Hey, can anyone explain whats up with the standard pressure in pressure cookers? I know its 1bar, 15 psi, 100kpa(or 14,5037 psi to be precise) But non of the pressure cooker ever reach these pressures, i even asked the manucfactor about it and they answer all 11-12psi. Just that the valve is set to realise at 15psi. I also know there some difference between european and american cookers and measuring.


----------



## phatch (Mar 29, 2002)

European units are usually 8 lbs on low, 12 on high.

US units are 10 and 15. The European models are more prevalent of late.
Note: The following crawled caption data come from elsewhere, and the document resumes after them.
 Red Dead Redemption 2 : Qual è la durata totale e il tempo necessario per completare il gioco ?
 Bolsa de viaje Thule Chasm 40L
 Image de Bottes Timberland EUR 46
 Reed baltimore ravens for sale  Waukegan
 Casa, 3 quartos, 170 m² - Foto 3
Fagor Duo line uses US units. 
You might also like an instant pot. Combines slow cooker and pressure cooker in a more programmable way.
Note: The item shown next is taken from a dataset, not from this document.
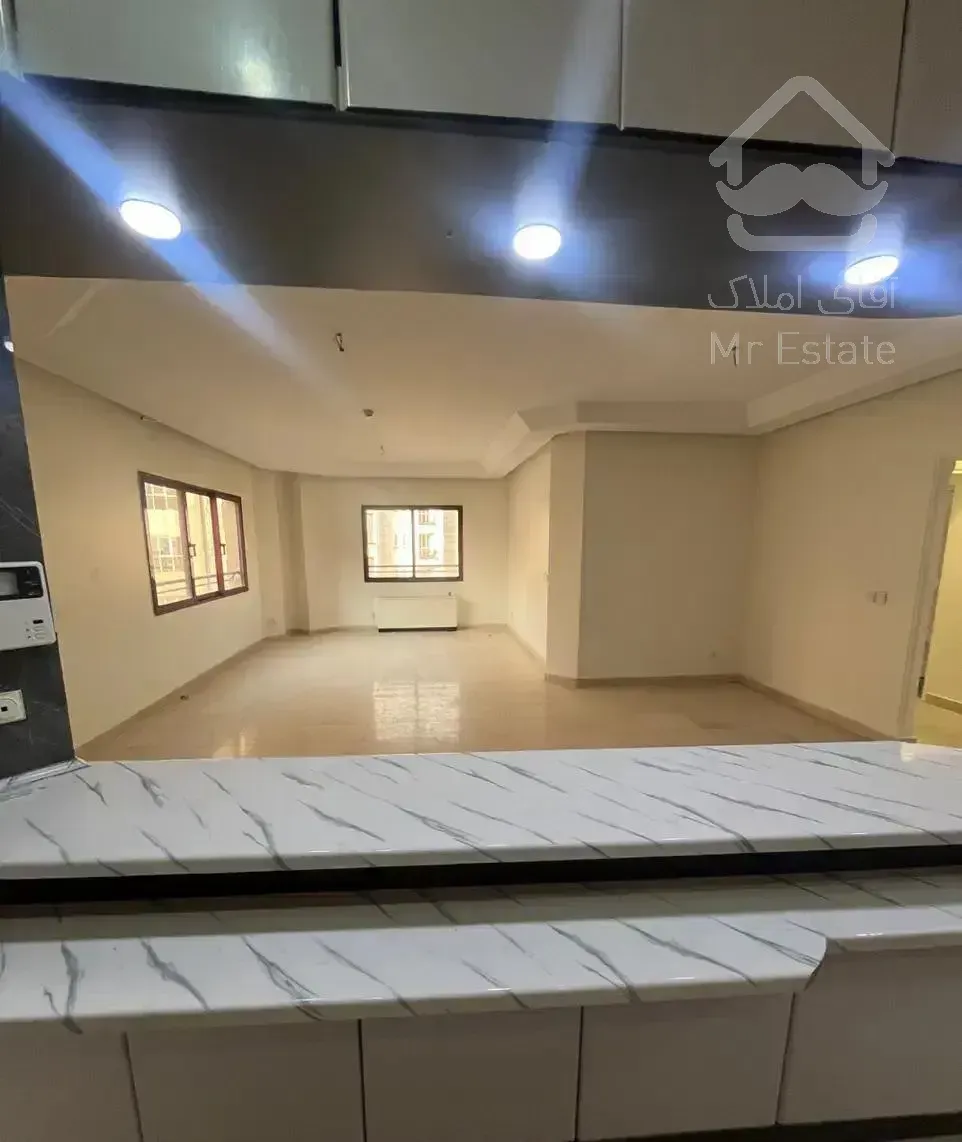 اجاره مسکونی بهترین لوکیشن ولنجک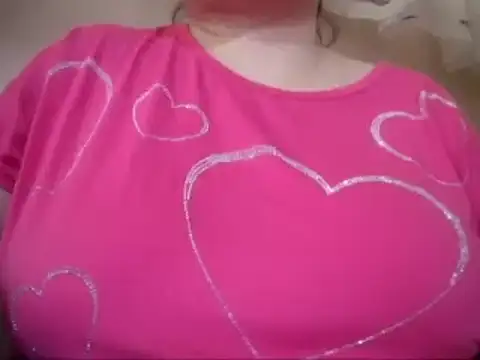 Bonnie Jade online show from April 2026 03:16:02 PM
Google miss Vickie and pressure cookers. Lots of good info there. Madhur Jaffrey also uses them heavily in her Indian cookbooks.


----------



## scott livesey (Jan 25, 2013)

i found these articles helpful http://www.seriouseats.com/2016/08/equipment-the-best-pressure-cookers-review.html http://bestreviews.com/best-pressure-cookers


----------



## oddwine (Sep 10, 2017)

So whats the point getting european preassure cookers with so low psi?


----------



## phatch (Mar 29, 2002)

They cook a little slower but are of generally high quality and higher design. They also usually have (somewhat) improved pressure systems. The Fagor Duo is Spanish but designed to the higher pressure.

One more point. The rubber gasket seal in the lid is the common wear point in a pressure cooker. It's worth buying a mainstream brand so replacement seals are readily available.


----------



## jimyra (Jun 23, 2015)

In the US 15 lbs pressure is where it requires a ASME certification. This raises production cost and insurance cost for the user.


----------



## oddwine (Sep 10, 2017)

So are americans pressure cookers better?


----------



## phatch (Mar 29, 2002)

No. Just different.


----------